Advertising revenue remains the most important way for video makers to make money on YouTube, but many video makers, including Ellis and performer Natalie Wynn, see access to other sources of income as a necessity.
Both Ellis and Wynn have popular Patreon accounts, and both told The edge that if they know that they have consistent revenue from subscribers, they can create content on YouTube without having to worry about losing ads. Ellis has learned to deal with copyright issues by holding clips for less than three seconds in the hope that they will be seen as reasonable usage, but that doesn't always work.
"It depends on who, but UMG is the worst," said Ellis. "I started to respect Fair Use less and less because it doesn't matter. YouTube doesn't care. & # 39;
Merchandise is also becoming more and more needed, says Chris Lamontagne, CEO of Teespring. Teespring was the first company to collaborate with YouTube in 2018 for the & # 39; merch shelf & # 39; of the platform and it is now expanding to Instagram and Twitch. The advertising revenue is not reliable enough, so video makers must build a brand that goes beyond YouTube, he said.
"I believe we must continue to evolve to create better experiences for consumers to buy the merch they love," Lamontagne said. "We have entered a great time for digital video makers to act as brands."

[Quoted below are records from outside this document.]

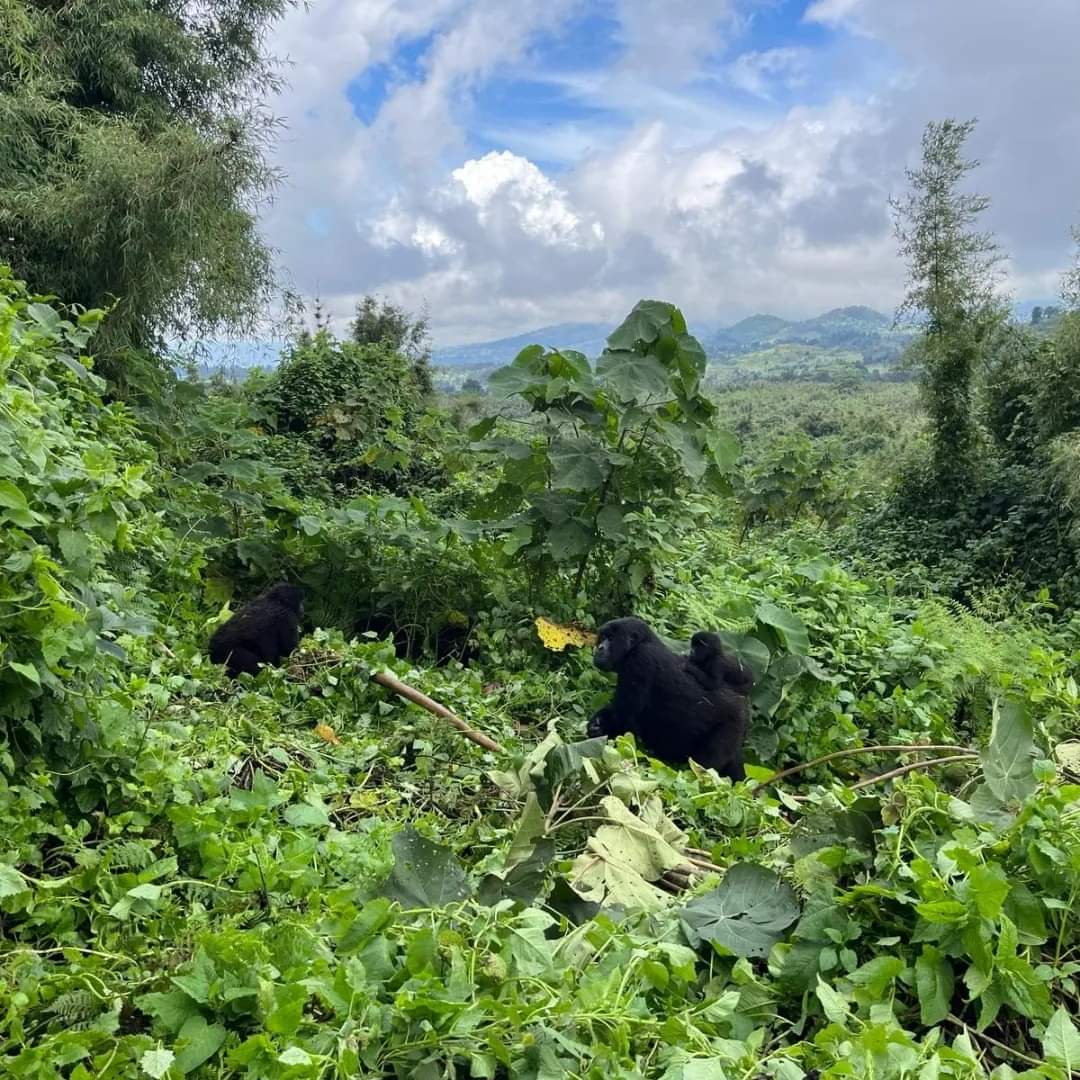 8-Day Mid-Range Thrilling Primate Trekking Safari In Rwanda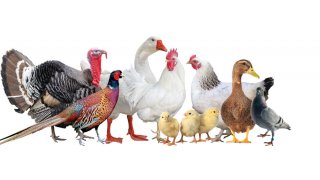 Poultry Meaning and Definition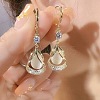 Teardrop Alloy Rhinestone Hoop Earrings FS-WG8F333-01-1
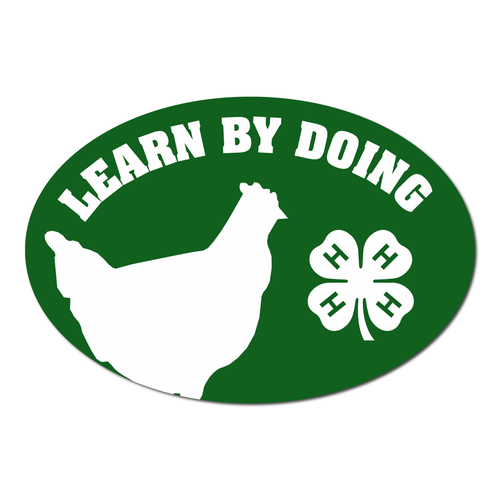 4-H Magnet - Chicken Silhouette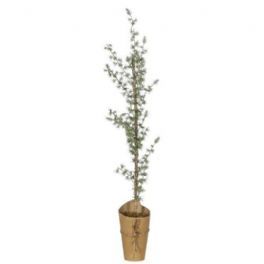 salg af Kunstig cedertræ, H70 cm.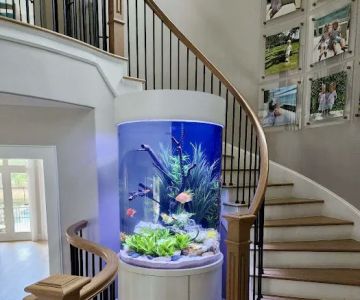 Fish Gallery Boutique | Aquarium Superstore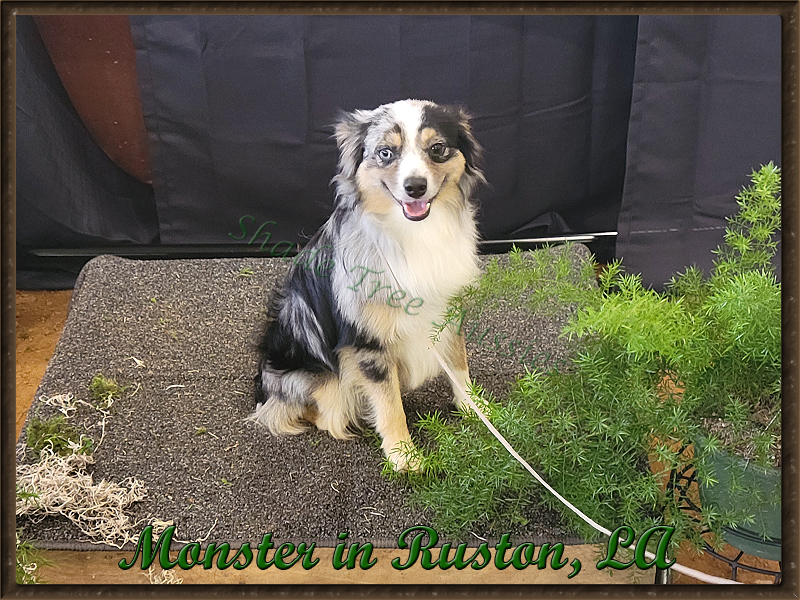 SMA's Heza Little Monster @ Shade Tree Aussies, known as Monster smiling after a show in his home state.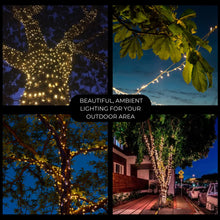 Load image into Gallery viewer, Litehouse Solar LED String Fairy Lights 3000K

Like other industries, video makers are starting to build subscription models that pay every month to guarantee revenue. Whether that is a new T-shirt or a membership layer, makers know that the uncertainty surrounding advertising revenue means that they have to take advantage elsewhere. Companies such as Teespring and Fanjoy have helped personalities get something that YouTube has apparently made more difficult – paid. But even if YouTube applies more of these features to its platform, video makers still want the basics to be resolved first.